Unless you’re into your sport or love a good bargain hunt, it could be like any other day, just with a worrying amount of leftover turkey in the fridge.

But since Christmas is now over for another year, we thought we’d celebrate Boxing Day – a rather peculiarly-named day.

And we say that because not many know why it has its name.

You may have been told it’s because you get rid of all your boxes from Christmas Day. Or that it derived from boxing up all your Christmas presents once again for a later date.

But no.     
It is originally believed to come from the giving of ‘Christmas boxes’ to the poor*. But when this tradition started and ‘ended’ is not clear.

Some say it dates back to the Victorian times when wealthy individuals gave their servants time off to visit family and friends. Before their travels, they were given a box of gifts and sometimes leftover food to take with them. Others claim it’s much older – referencing even the Roman Empire.

This tradition is not the only thing tying Boxing Day to helping the poor, though.

December 26 is also St. Stephen’s Day. If you know your religious history, it is not to commemorate the early follower of Jesus – who is also St. Stephen – but rather a Swedish missionary in the 800s.

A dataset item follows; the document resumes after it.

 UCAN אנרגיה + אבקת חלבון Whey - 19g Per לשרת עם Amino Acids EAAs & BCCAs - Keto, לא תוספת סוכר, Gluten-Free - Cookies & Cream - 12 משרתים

He was, however, also a follower of Jesus, and the famous carol Good King Wenceslas or The Feast of Stephen was set on St. Stephen’s Day, with the carol itself being about helping the poor.

Nevertheless, since then, many other traditions have been taken up on what is now more commonly known as Boxing Day.

In Germany, for example, horses were ridden around inside churches across the land during the St. Stephen’s Day service due to St. Stephen’s love for animals**.

Although, logistically, at least, riding a horse around a church is probably not the best way to showcase that.

Another tradition which has certainly reduced over the years is local providers – i.e. milkmen and butchers –travelling to their customers with a ‘tip box’ to collect a yearly reward.

Before World War II, this was a common sight on Boxing Day.

Now, though, this custom has become scarce, and those men and women are instead off doing what we all do on Boxing Day; visiting family, hosting Christmas dinner part two or lounging around in your new pyjamas and slippers.